**Assignment**
Return only what runs from the line containing "The Best Short-Horned" through the last line of the entries below, exactly, omitting pictures.

Stored items:
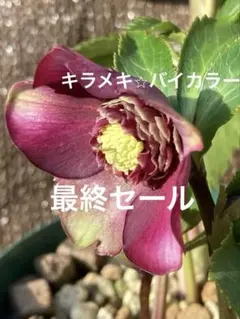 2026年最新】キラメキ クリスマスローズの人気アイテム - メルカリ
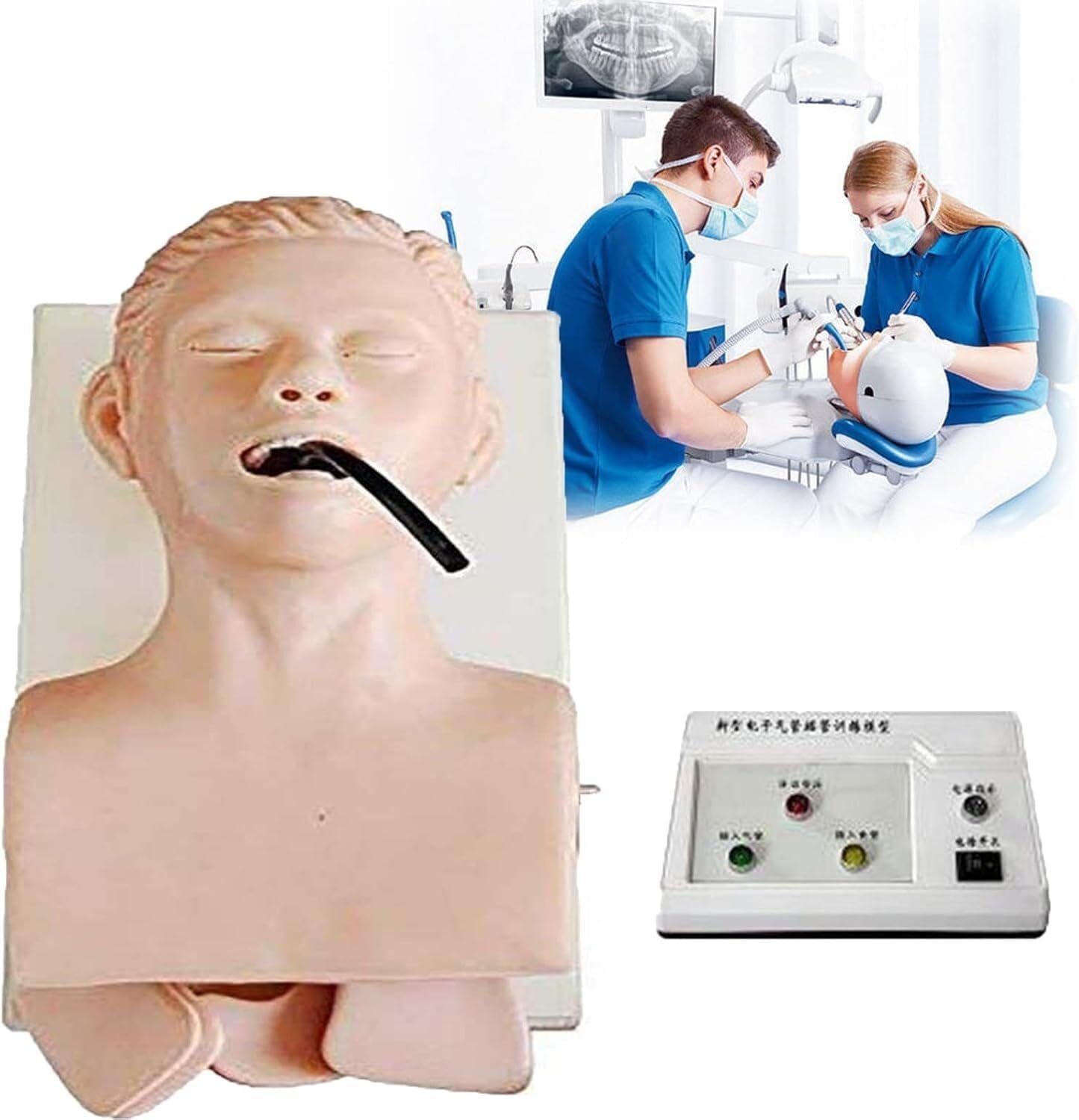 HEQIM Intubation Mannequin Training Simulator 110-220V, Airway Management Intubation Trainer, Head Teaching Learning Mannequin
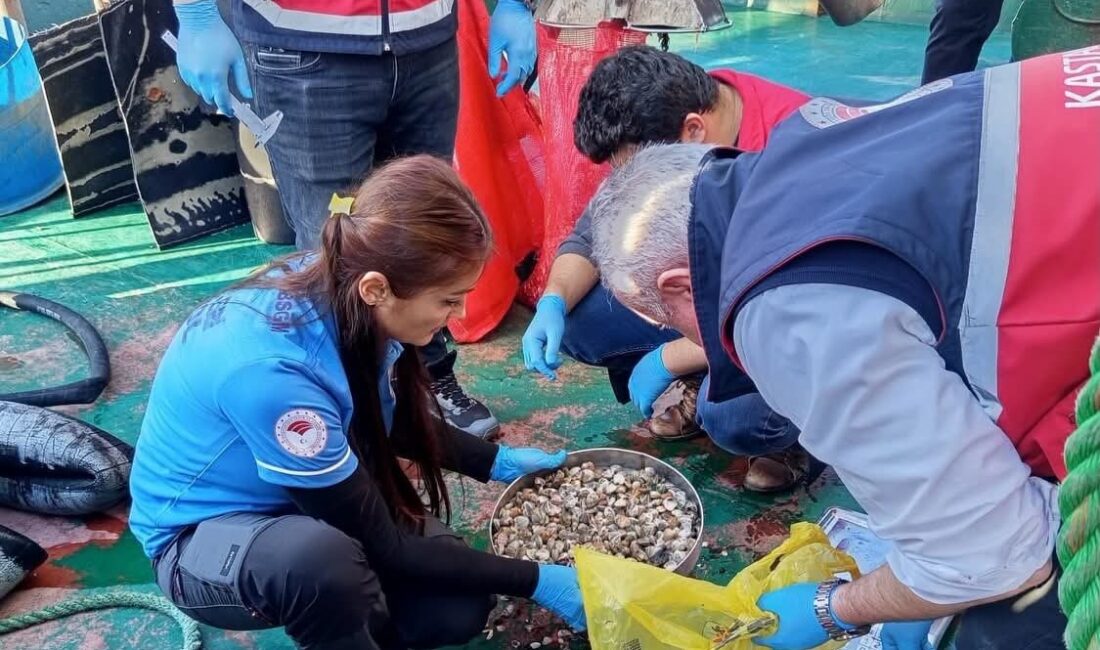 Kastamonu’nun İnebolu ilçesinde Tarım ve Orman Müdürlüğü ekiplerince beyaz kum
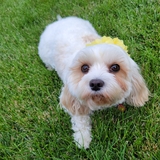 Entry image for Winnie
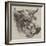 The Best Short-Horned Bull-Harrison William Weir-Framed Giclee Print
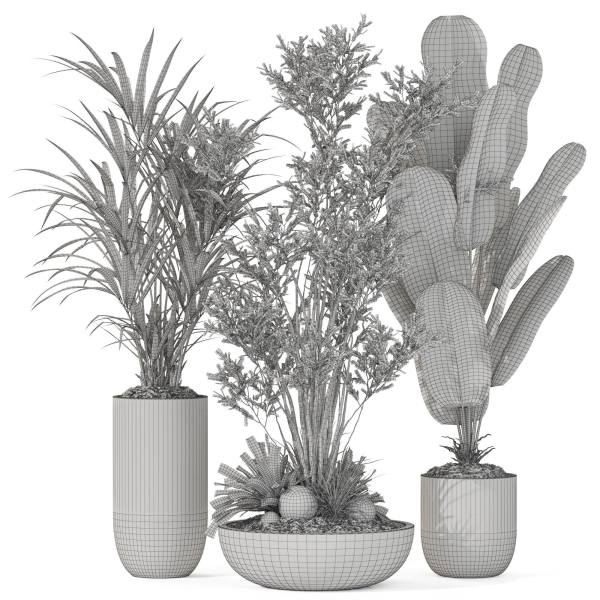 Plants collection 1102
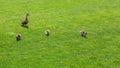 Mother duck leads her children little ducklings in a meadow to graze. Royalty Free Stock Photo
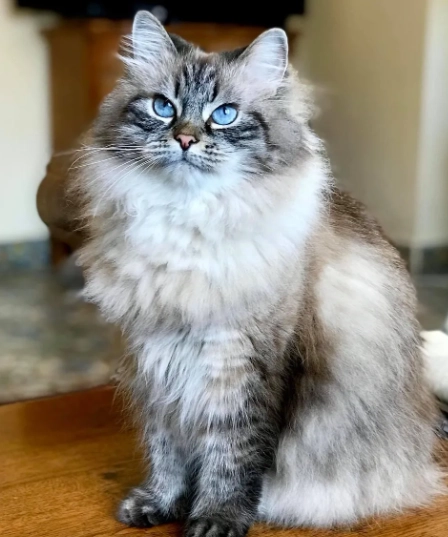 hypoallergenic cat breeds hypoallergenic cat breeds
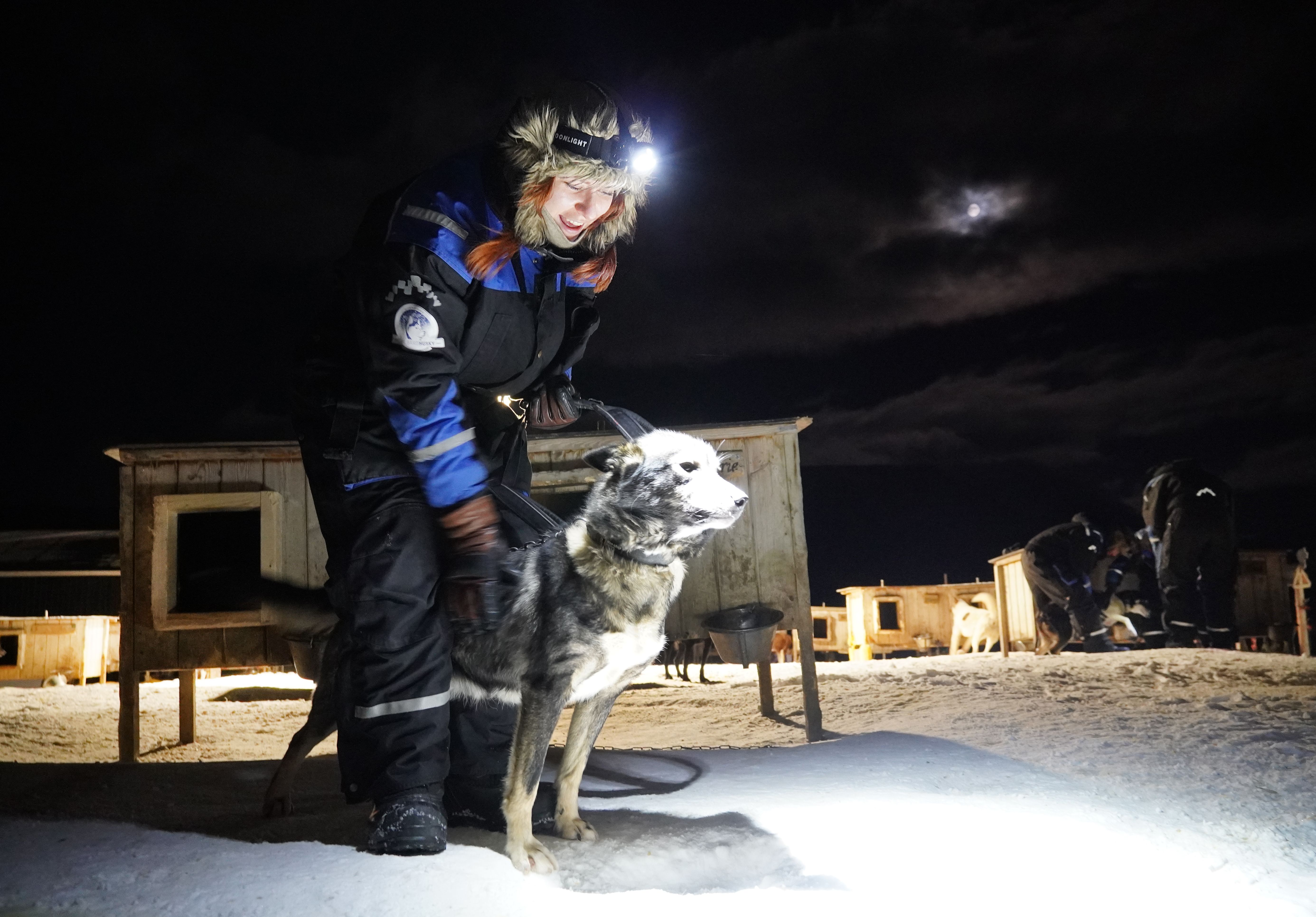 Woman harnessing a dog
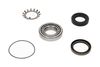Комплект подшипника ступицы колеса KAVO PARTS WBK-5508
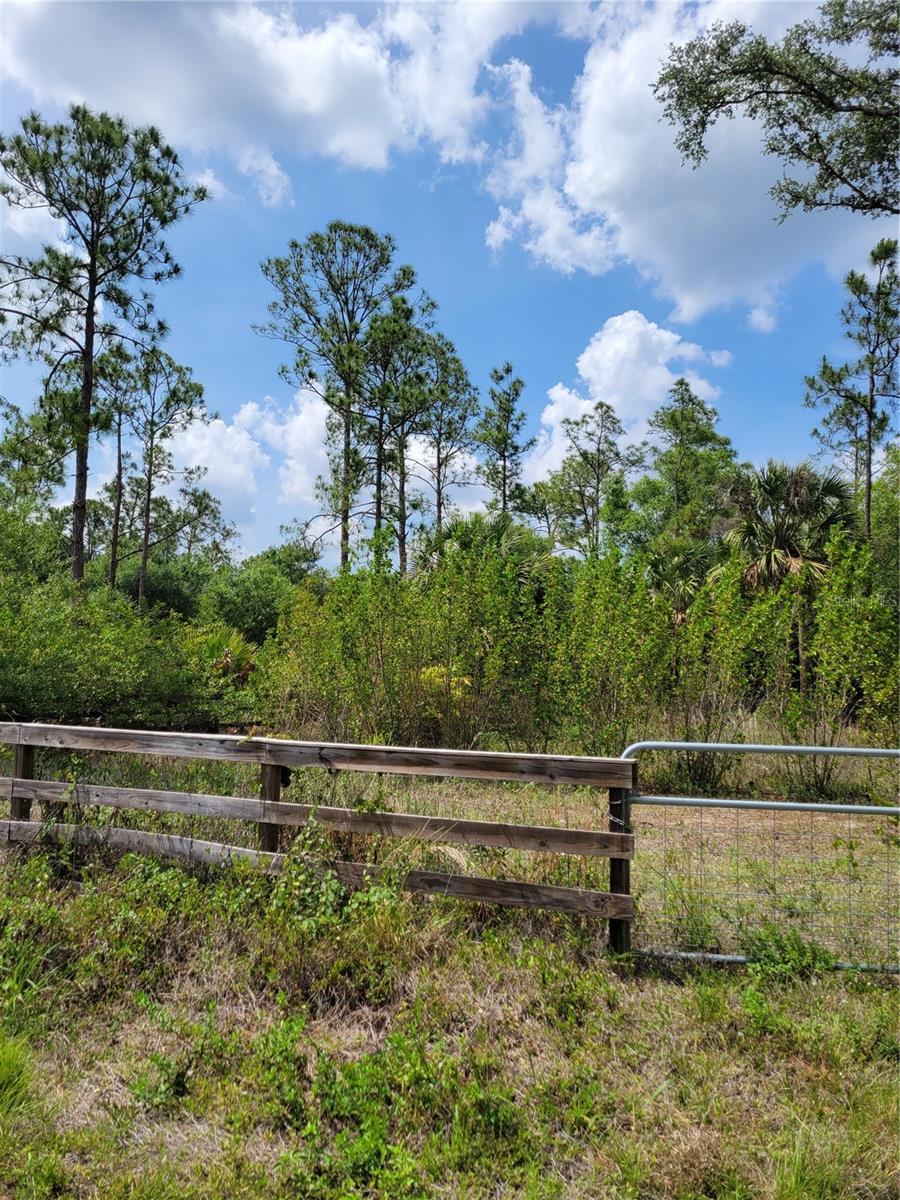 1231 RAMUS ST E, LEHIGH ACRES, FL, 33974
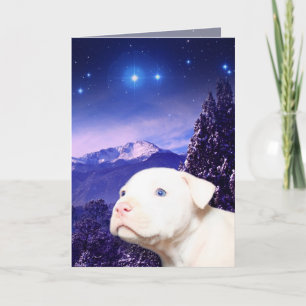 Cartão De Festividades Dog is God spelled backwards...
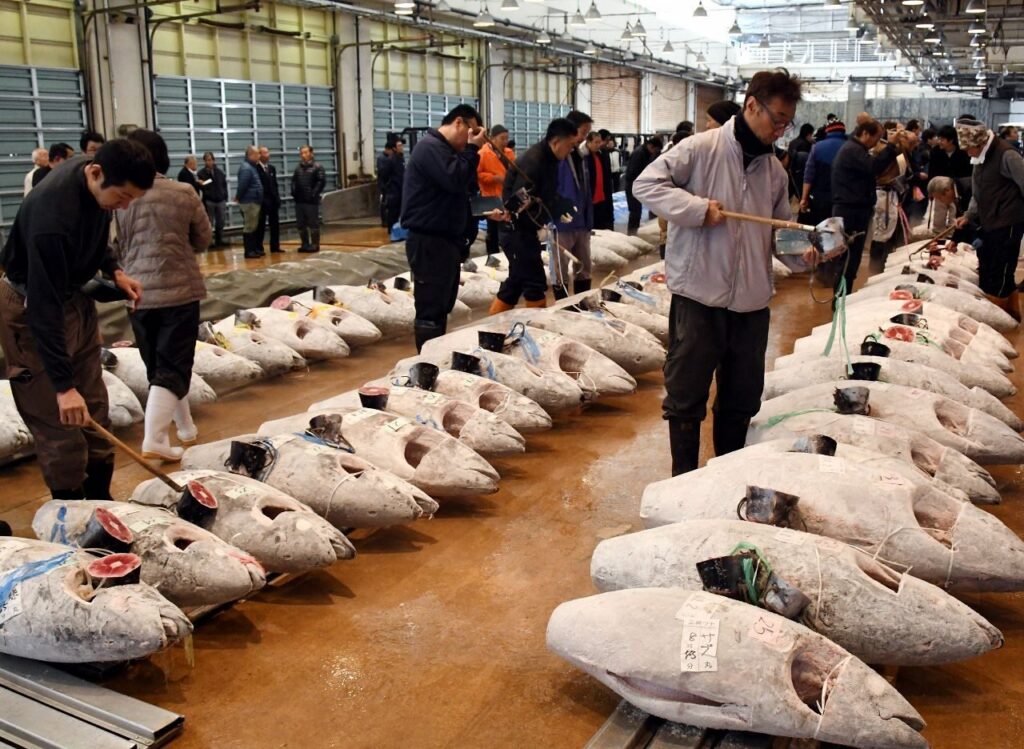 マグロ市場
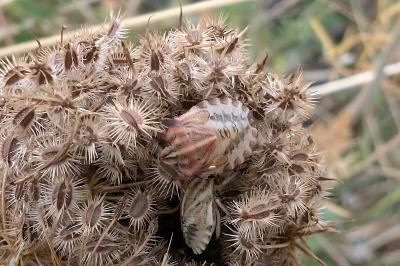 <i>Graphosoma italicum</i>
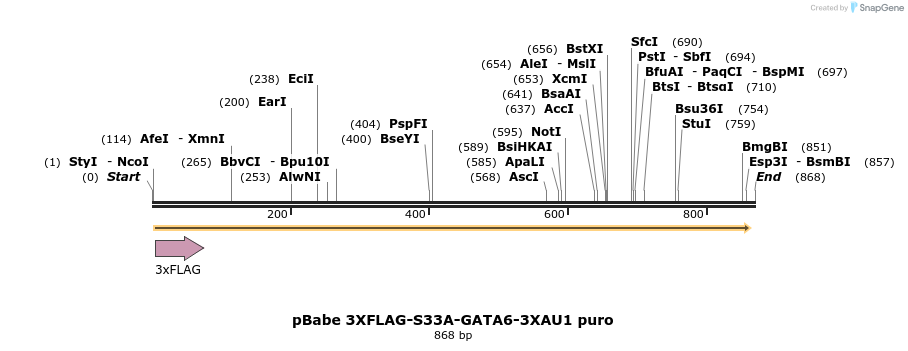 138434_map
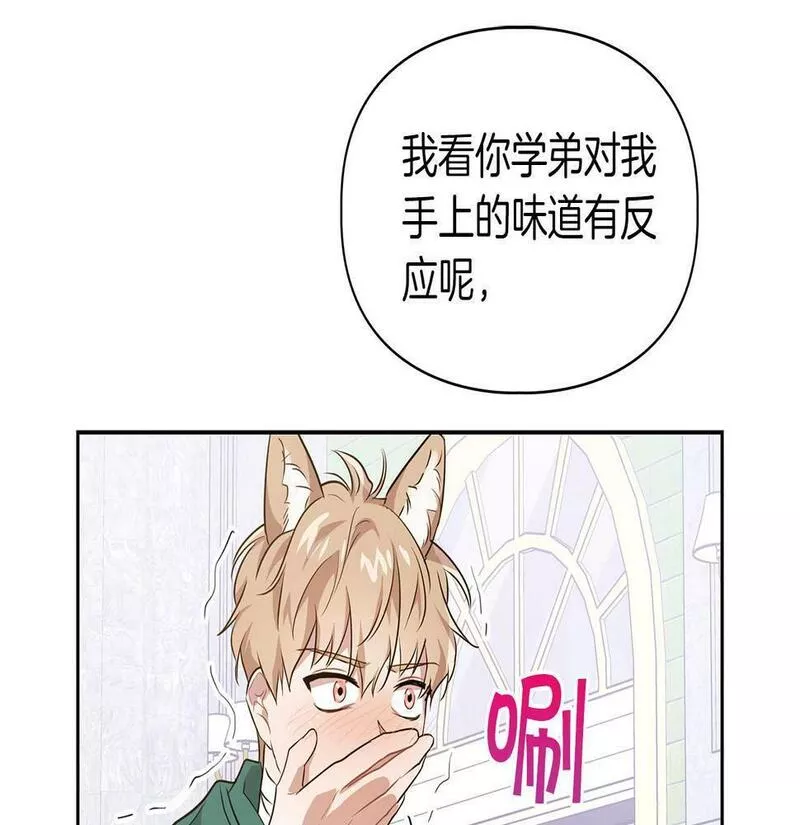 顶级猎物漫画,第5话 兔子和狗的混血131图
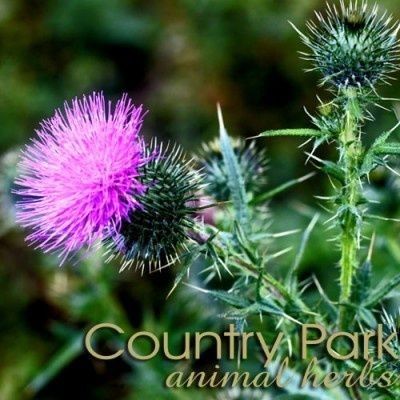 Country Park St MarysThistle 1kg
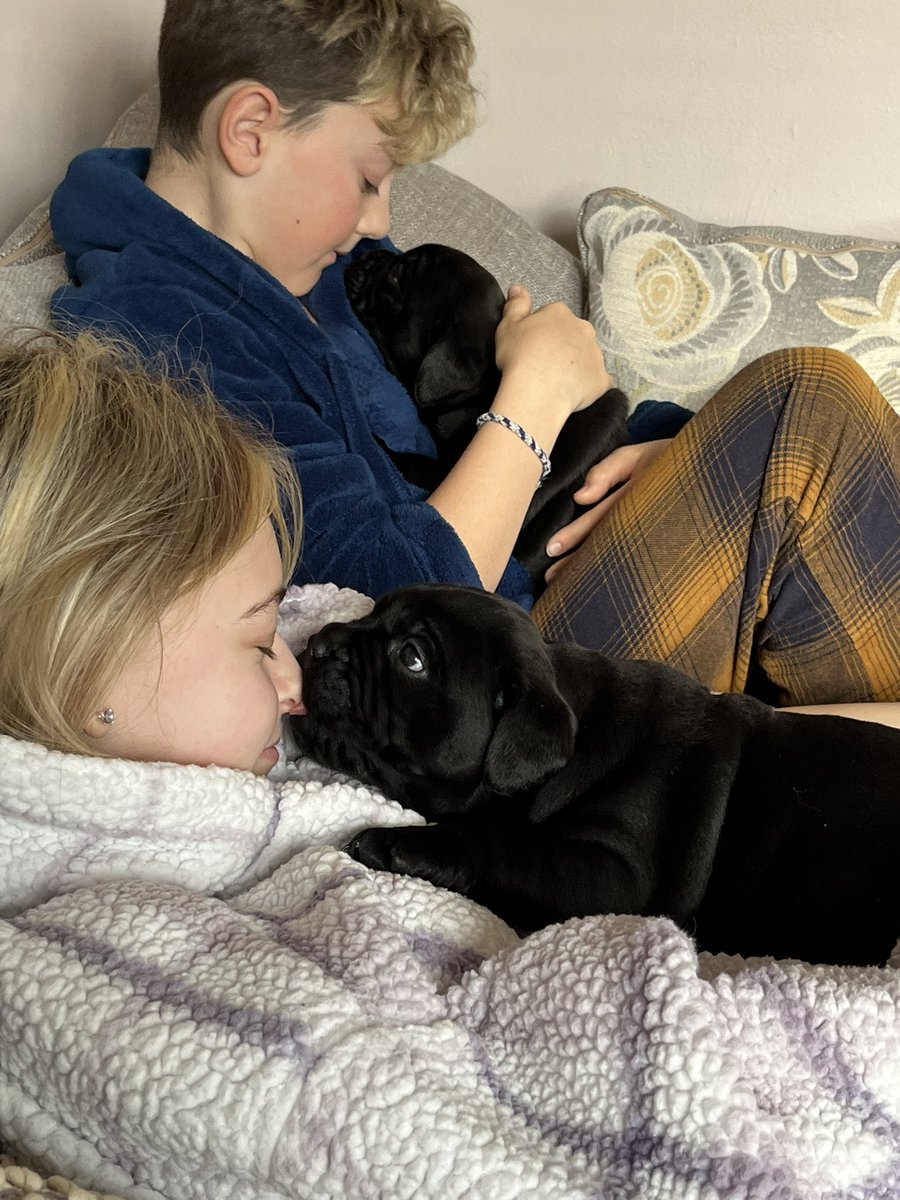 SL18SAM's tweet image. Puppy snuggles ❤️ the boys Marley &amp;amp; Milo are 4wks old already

**Output**
 The Best Short-Horned Bull-Harrison William Weir-Framed Giclee Print
 Plants collection 1102
 Mother duck leads her children little ducklings in a meadow to graze. Royalty Free Stock Photo
 hypoallergenic cat breeds hypoallergenic cat breeds
 Woman harnessing a dog
Комплект подшипника ступицы колеса KAVO PARTS WBK-5508
 1231 RAMUS ST E, LEHIGH ACRES, FL, 33974
 Cartão De Festividades Dog is God spelled backwards...
 マグロ市場
 <i>Graphosoma italicum</i>
 138434_map
 顶级猎物漫画,第5话 兔子和狗的混血131图
 Country Park St MarysThistle 1kg
 SL18SAM's tweet image. Puppy snuggles ❤️ the boys Marley &amp;amp; Milo are 4wks old already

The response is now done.